La conseguenza di tutto ciò è che il racconto del De André uomo si porta via molto più spazio: dalla difficile adolescenza, segnata dalle notti brave tra bottiglie e prostitute, ai contrasti col padre in merito alla strada da seguire, fino alle ben note vicende sentimentali: l’incontro e il matrimonio con Puny (Enrica Rignon), la nascita di Cristiano (che tra parentesi pare non abbia gradito molto questo progetto), Dori Ghezzi, la tenuta in Sardegna, la seconda figlia Luvi, il sequestro dell’estate ‘79 (che si prende molto spazio, incastrato com’è tra l’inizio e la fine del film ma che pare un po' un corpo estraneo senza troppo rapporto col resto della sceneggiatura).
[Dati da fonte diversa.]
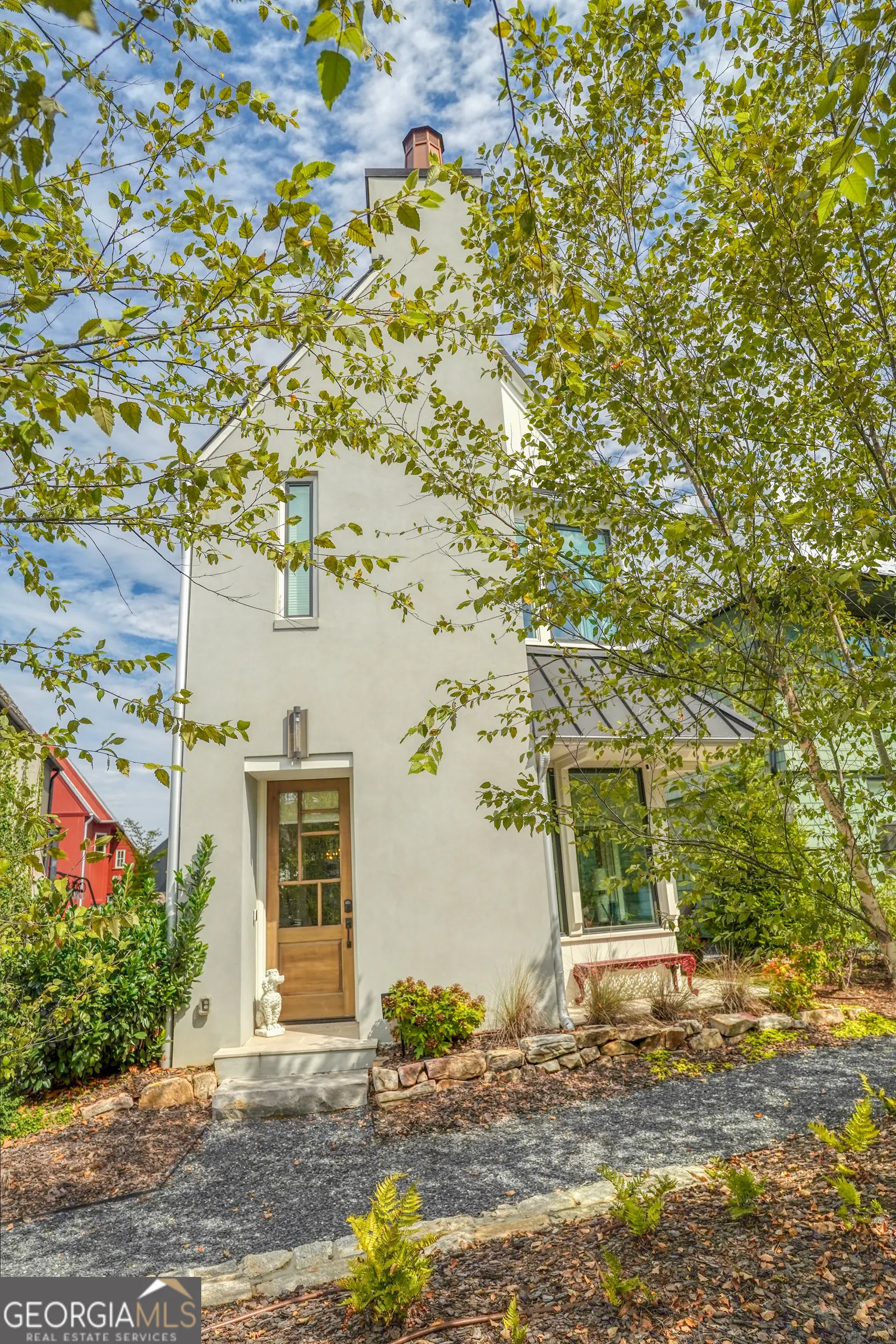 305 Breakspear Lane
Il filo conduttore è poi quello del titolo: la ricerca incessante della libertà, intesa come la propria dimensione autentica, quella che permette di seguire la propria strada e di esprimersi senza condizionamenti di sorta. Più che anarchico in senso politico, come spesso è stato definito, il ritratto che qui emerge, seppure solo accennato e mai approfondito a dovere, è quello di un uomo che ha sempre seguito i propri progetti con tenacia, rifiutando il ruolo e l’immagine che l’estrazione alto borghese della sua famiglia lo avrebbero forse potuto portare ad accettare.

Non c'è la sua morte, in questo film. C'è la scomparsa del padre e la promessa a lui fatta di smettere di bere, con tanto di bottiglie svuotate nel lavandino; dopodiché, tutti i membri del cast, Marinetti/De André compreso, si riuniscono in un cinema e assistono idealmente all’esecuzione di “Bocca di rosa” tratta dal tour di “Anime salve”, che è anche la scena su cui partono i titoli di coda.

Non mi ha convinto molto, questa scelta di sceneggiatura ma capisco che non dev’essere stato facile farsi venire in mente una conclusione che non rischiasse di essere troppo banale.

Immagino che, come spesso accade in questi casi, vivremo una polarizzazione radicale: da una parte gli entusiasti, dall’altra i critici impietosi. Per quanto mi riguarda, preferisco rimanere nel mezzo: mi sono divertito a guardarlo ma, analizzato a mente fredda, questo “Fabrizio De André. Principe libero” centra solo in parte l’obiettivo. Forse ce la potremmo cavare dicendo che non si dovrebbero mai fare film con soggetti così ingombranti. E che il modo migliore per raccontare chi era De André è mettere su qualcuno dei suoi dischi. Non lo so, rischia di diventare un discorso senza uscita. Alla fine è di un film che stiamo parlando: giudichiamolo come tale e finiamola qui.